Another development is the ‘contoured’ thread, which has one straight side and one side with a contoured or wavy pattern. The thread is actually the product ofa wider thread cut in two by a computer controlled laser beam, and was first developed by the Bank of England and the U.K. Atomic Energy Authority.

The contoured thread made its first appearance in the £50 note of the Bank of England in 1981, and has subsequently been used in the five hundred kronor note of Sweden that was issued in 1986. An interesting point to note is that because each thread is the result of splitting one thread into two, the wavy side of the security thread can face either to the left or the right of the bank note.

One further development with the security thread is to make it react with ultraviolet light. This feature can be seen on the recent notes of Bolivia, where the security thread glows (or fluoresces) dark blue when placed under ultraviolet light. This feature will probably become more popular as the use of ultraviolet sensitive inks on bank notes is becoming more common.

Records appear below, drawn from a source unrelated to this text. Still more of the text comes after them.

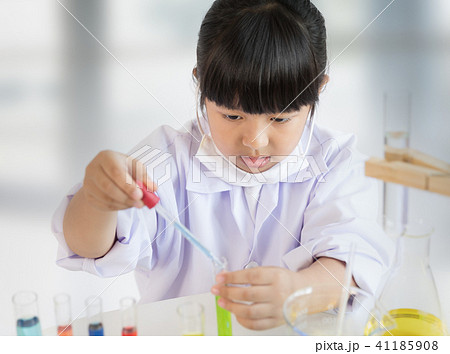 Asian girl doing laboratory test, science Asian girl doing laboratory test, science 41185908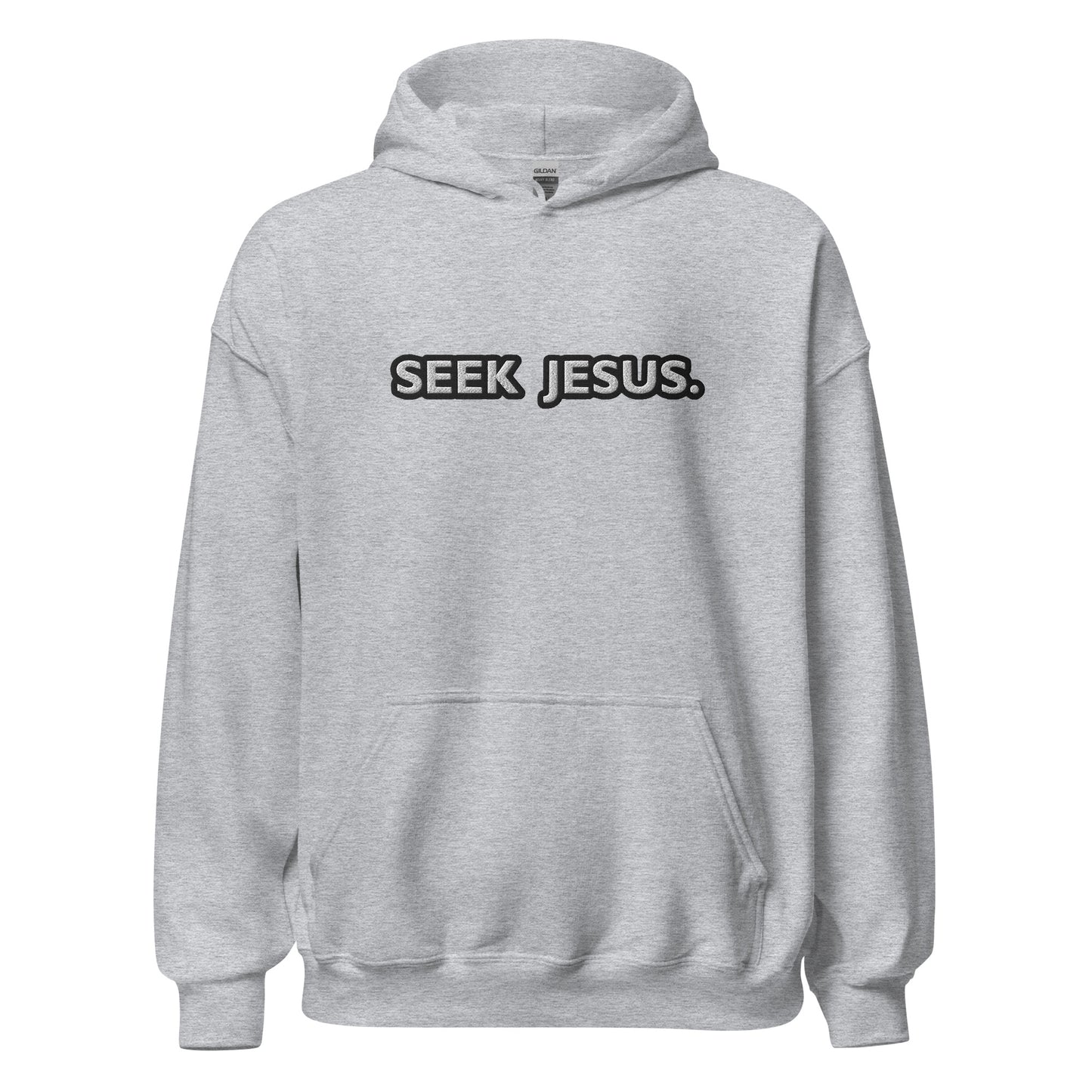 Front view of sport grey Christian hoodie with bold embroidered "Seek Jesus" design in white outlined in black
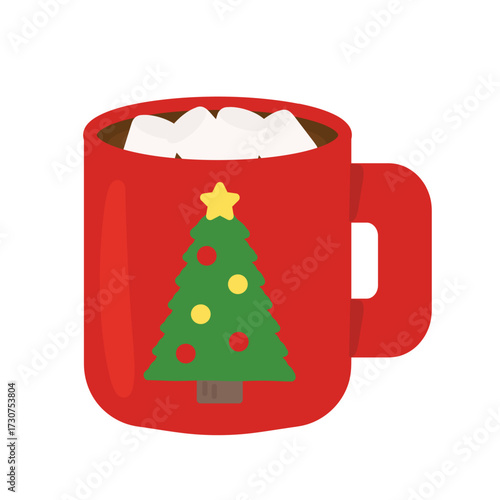 ココア　クリスマス　ホットドリンク　イラスト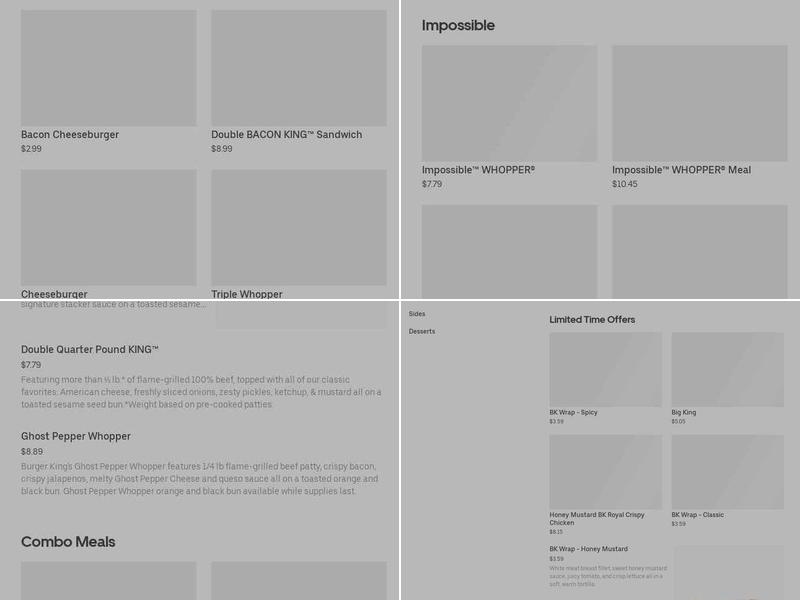 Burger King Menu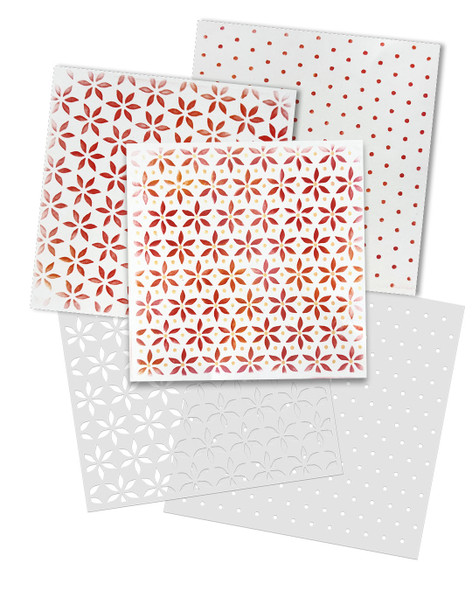 Poinsettia Dot 2 layering stencils 6 x 6" Emboss-ink Stencil - card making, crafts, scrapbooking.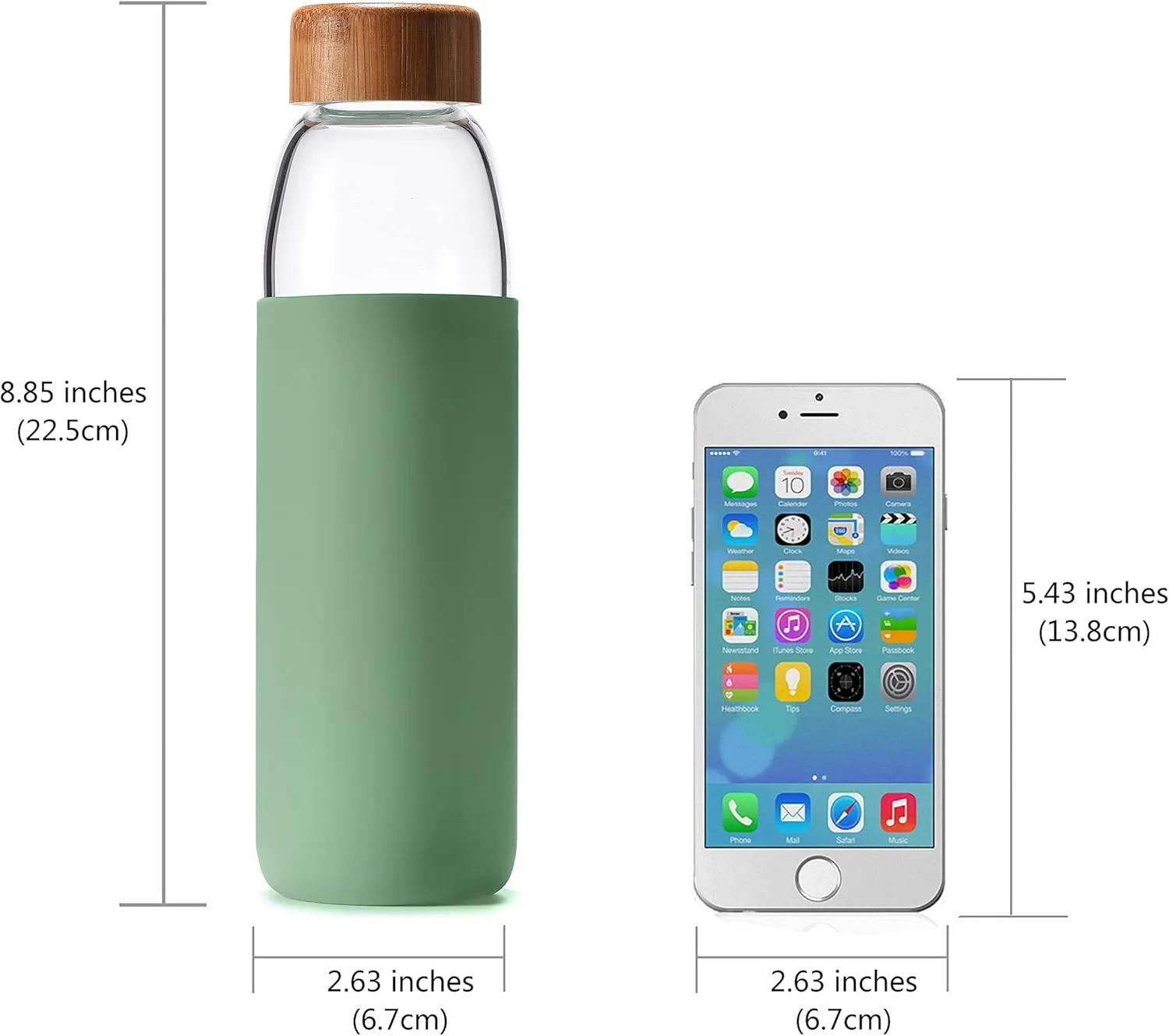 veegoal 18 Oz Borosilicate Glass Water Bottles with Bamboo Lid, BPA-FREE, Non-Slip Silicone Sleeve, and Stainless Steel Leak Proof Lid - Reusable Glass Bottle for Men and Women
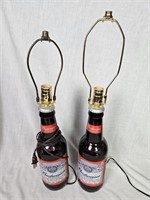 2 Budweiser Beer Bottle Lamps, No Shades
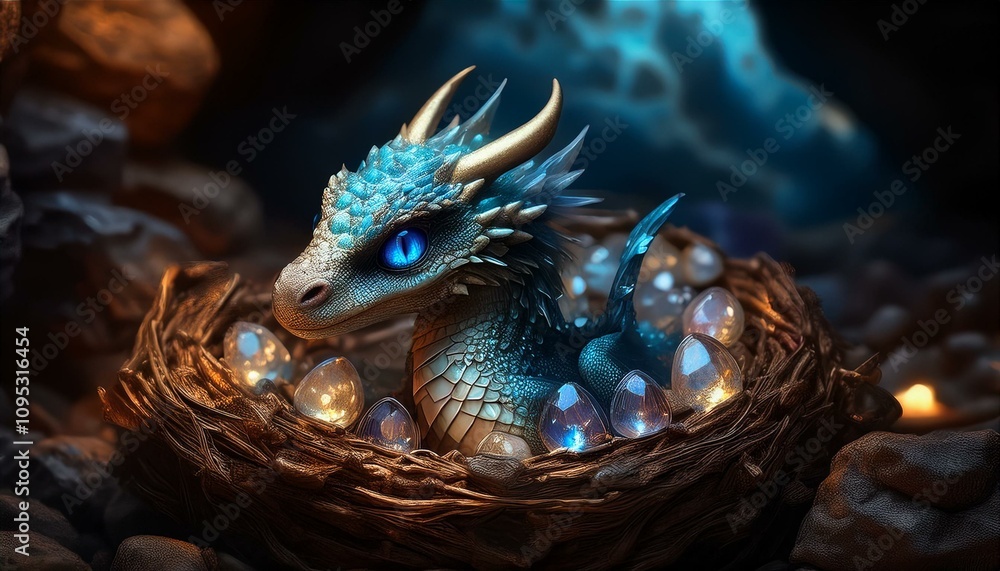 Obraz premium 어두운 동굴 안, 보석이 가득한 둥지 위에 앉아있는 드래곤 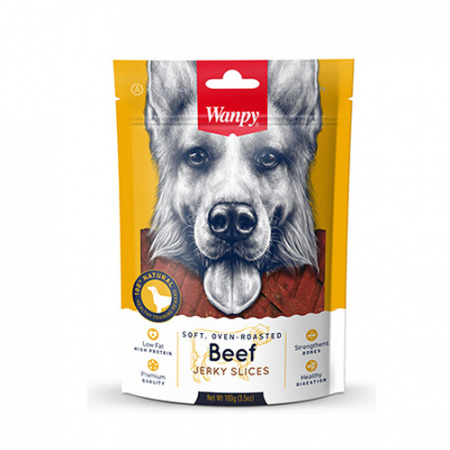 Λιχουδιά για σκύλους σε τρυφερές λωρίδες μοσχαριού ψημένου στο φούρνο - Wanpy Beef Jerky 100g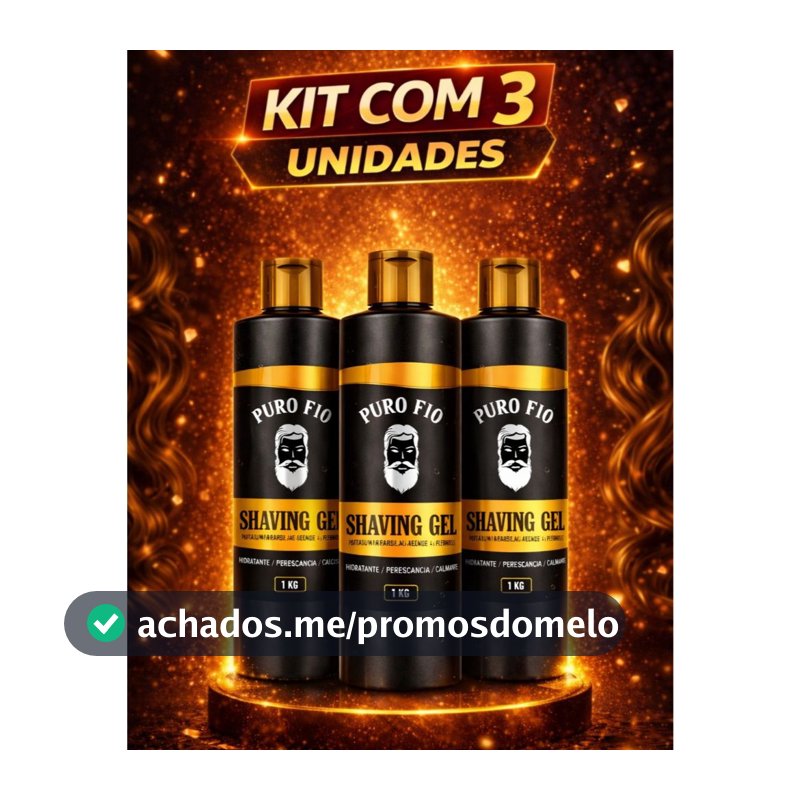 Kit 3x Shaving em Gel de Barbear Mentolado Puro Fio 1kg - Profissional, Barba Suave Sem Irritação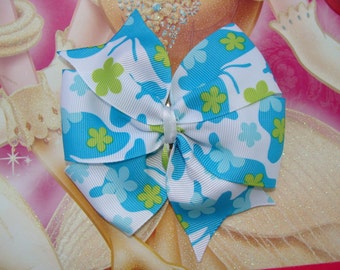 4 inch hair bow Flower and Butterfly hair bow Large Pinwheel Hair Bow blue white green hair bow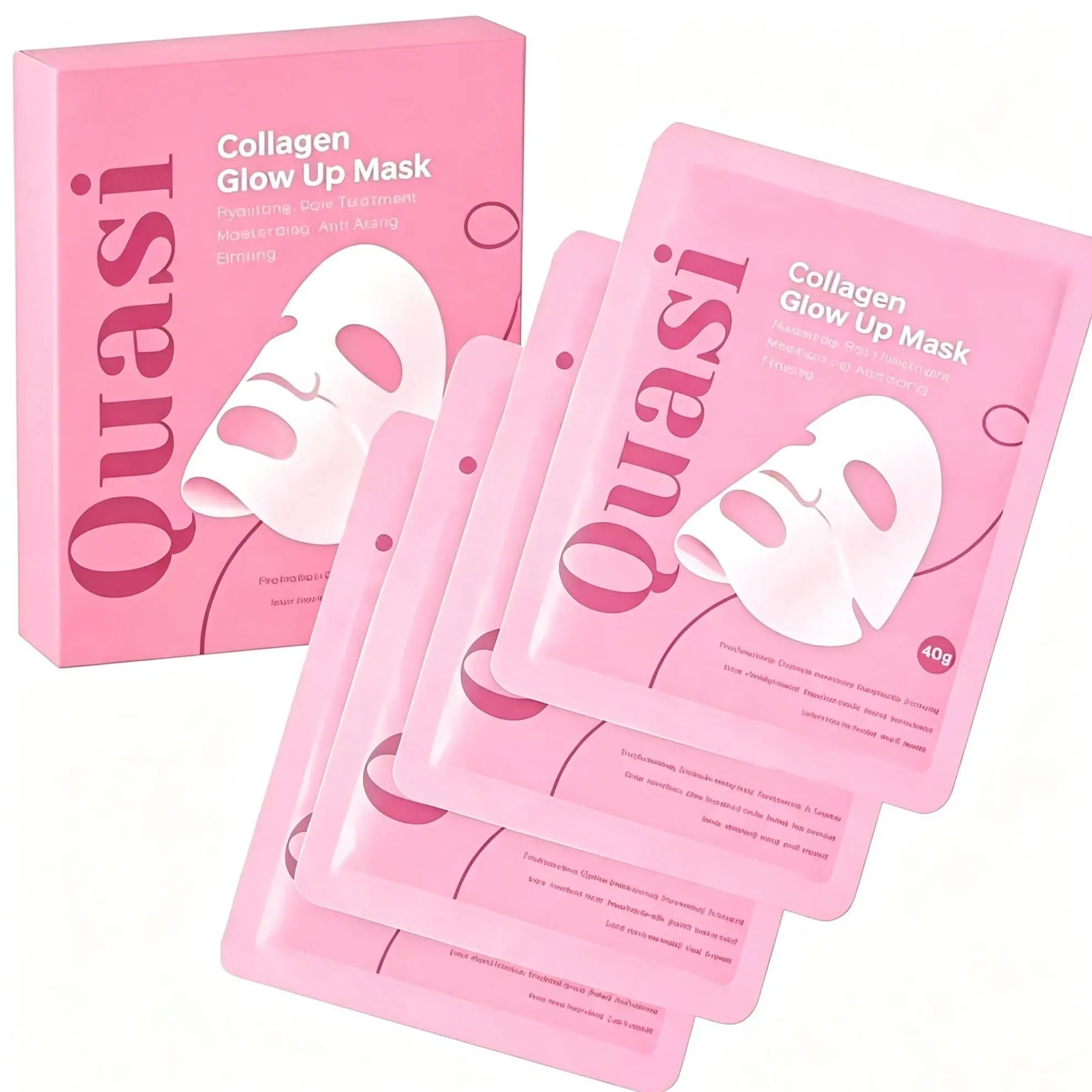 Quasi-Collagen Brightening Mask 2.0, a quasi-biological collagen mask, is a firming and deeply hydrating mask that reduces wrinkles, minimizes pores, and creates a glass-like, radiant complexion. One box contains four masks.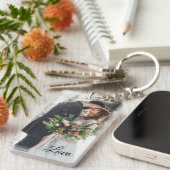 写真パーソナライズされたと文字 キーホルダー (正面右)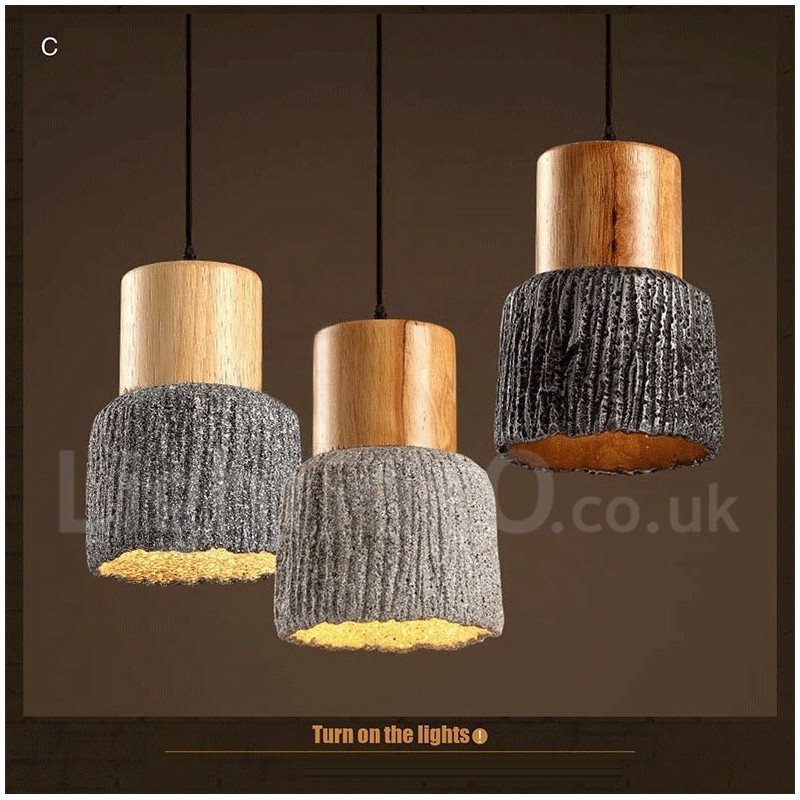 Lampada a sospensione vintage retrò in legno e cemento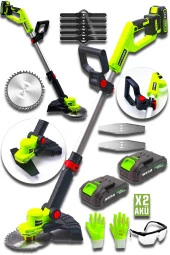 Dozzer Alman 21 V  3Ah Karbon Motor 2x Akülü Akülü Şarjlı Kenar Ot Çalı Çim Biçme Tırpan Makinesi - 1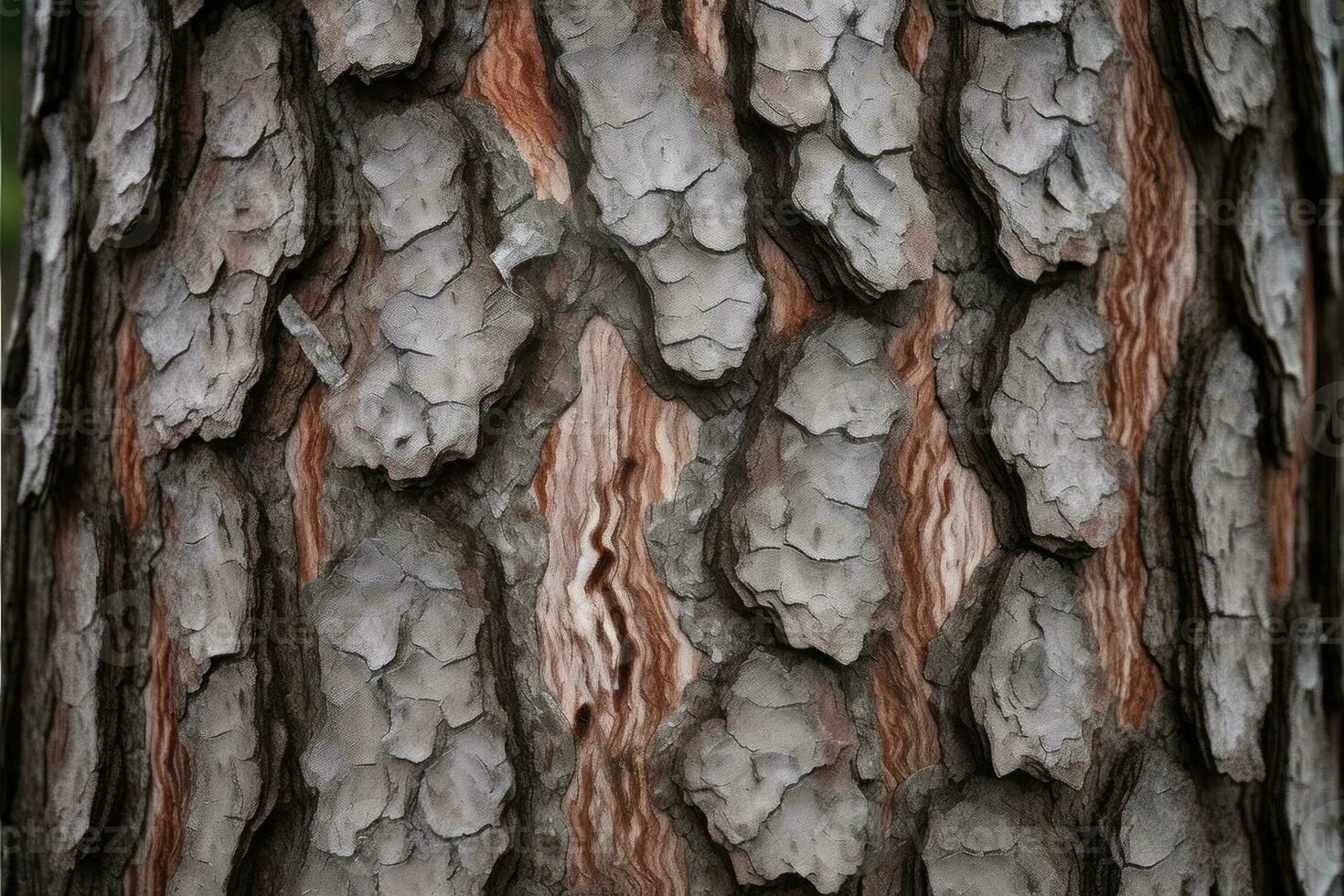 AI generated textured background of old pine wood, with large elements of bark and the resin drips photo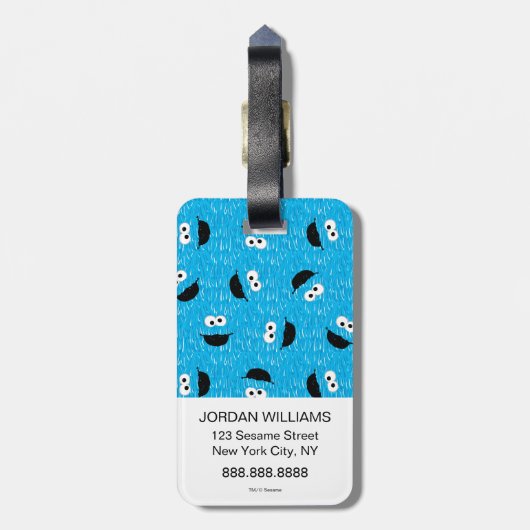 Cookie Monster Fur Face Pattern Bagagelabel (Achterkant verticaal)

Modern security threads have usually been black, but bank notes are now appearing with coloured threads. The latest five piso note from the Philippines has a green broken thread, and the commemorative 60 baht note from Thailand has a broken thread that has translucent, blue and red sections.

The Thai note is a particularly good example of illustrating how the many variations of the modern security thread can be combined in one issue. Not only is it a broken thread, but it has two colours, it has micro-printing and the blue sections of the thread fluoresce under ultraviolet light.

The latest development in the use of security threads is the windowed or ‘Stardust’ thread, which was also developed by the Bank of England Note Printing Works. When viewing notes with this feature from the rear, the thread looks like any other metal thread (except that it is wider than usual), but when viewed from the front, the thread looks as if it has been woven through the paper.

The windowed thread first appeared in the £20 Bank of England note when it was modified in 1984 and has subsequently been used in notes from many other countries including Malaysia, Turkey, Sri Lanka, Germany, Nigeria and New Zealand.

The main reason for the development of the windowed thread, was the need for a device that could not be easily photocopied. For this reason the exposed areas of the thread have a lustre that will not be replicated when the note is copied. The 1990 issues of Germany feature a windowed thread that is coated with aluminium and it is not unreasonable to postulate that other windowed threads are coated with the same material.

The lustre on the windowed threads is important as it is impossible to photocopy. This distinctive feature has recently been copied by the West African States who have placed a tape on the front of their notes to the left of the security thread. The tape is clear with sections of a shiny metallic surface at regular intervals, thus inhibiting forgery by photocopying.

The security thread has certainly become a common device in the production of modern bank notes, and as with any good security device, it can be redesigned in many ways to incorporate additional features. The proliferation of these additional features is making it both more difficult for would-be counterfeiters and more interesting for bank note collectors.

Whilst it is possible that the future direction of bank note manufacture lies with plastic, it is probable that only a few authorities will be issuing their notes in plastic in the next ten to twenty years. For this reason, we will still be seeing the security thread in all its manifestations for some time to come—and who knows, we may yet see a security thread in a plastic note.

The final mention in this discussion of security threads must go to the metal thread that wasn’t! During the Nigerian civil war (1967-70) Eastern Nigeria declared itself independent under the name of the Republic of Biafra. Biafra’s first issue of bank notes was in the denominations of five shillings and one pound, and on these notes appeared a string of printed marks designed to look like a ‘Morse code’ thread. Perhaps they did their job—most likely they didn’t—certainly their second issue had neither a real thread nor a `pretend’ one!